Ele, em começo, era um excelente amanuense, pontual, com magnífica letra e todos
os seus atributos do ofício faziam-no muito estimado dos chefes.
Casou-se bastante moço e tudo fazia crer que o seu casamento fosse dos mais felizes.
Entretanto, assim não foi.
No fim de dous ou três anos de matrimônio, Anacleto começou a desandar
furiosamente. Além de se entregar à bebida. deu-se também ao jogo.
A mulher muito naturalmente começou a censurá-lo.
A princípio, ele ouvia as observações da cara metade com resignação; mas, em breve,
enfureceu-se com elas e deu em maltratar fisicamente a pobre rapariga.
Ela estava no seu papel, ele, porém, é que não estava no dele.

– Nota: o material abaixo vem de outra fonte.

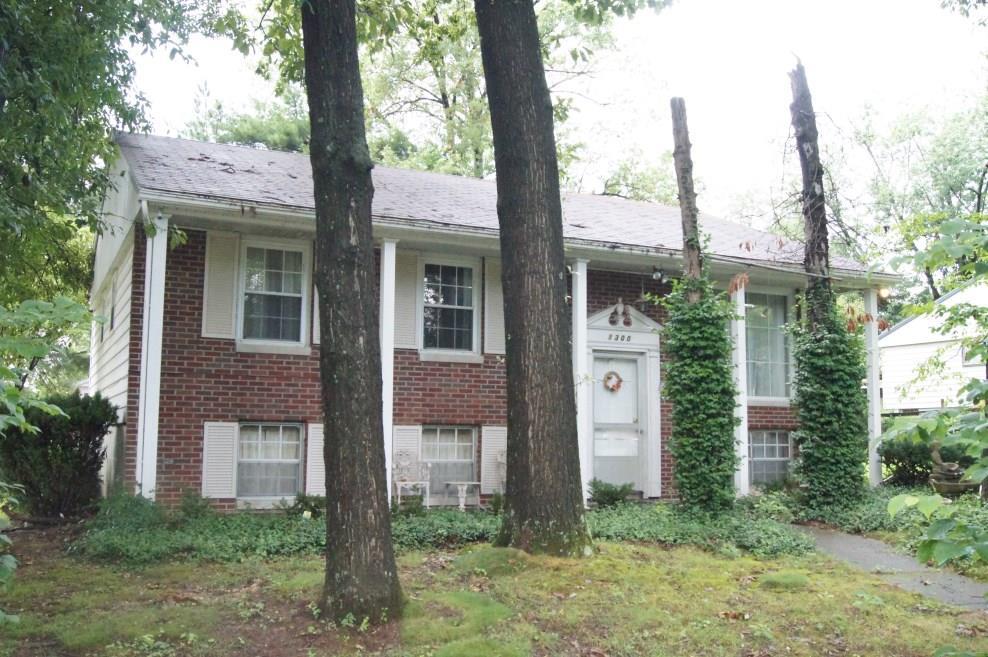 1300 Sheffield Dr, Evansville, IN 47710 photo 1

Motivos secretos e muito íntimos, talvez explicassem a sua transformação; a
mulher, porém, é que não queria entrar em indagações psicológicas e reclamava. As
respostas a estas acabaram por pancadaria grossa. Suportou-a durante algum tempo. Um
dia, porém, não esteve mais pelos autos e abandonou o lar precário. Foi para a casa de um
parente e de uma amiga, mas, não suportando a posição inferior de agregada, deixou-se cair
na mais relaxada vagabundagem de mulher que se pode imaginar.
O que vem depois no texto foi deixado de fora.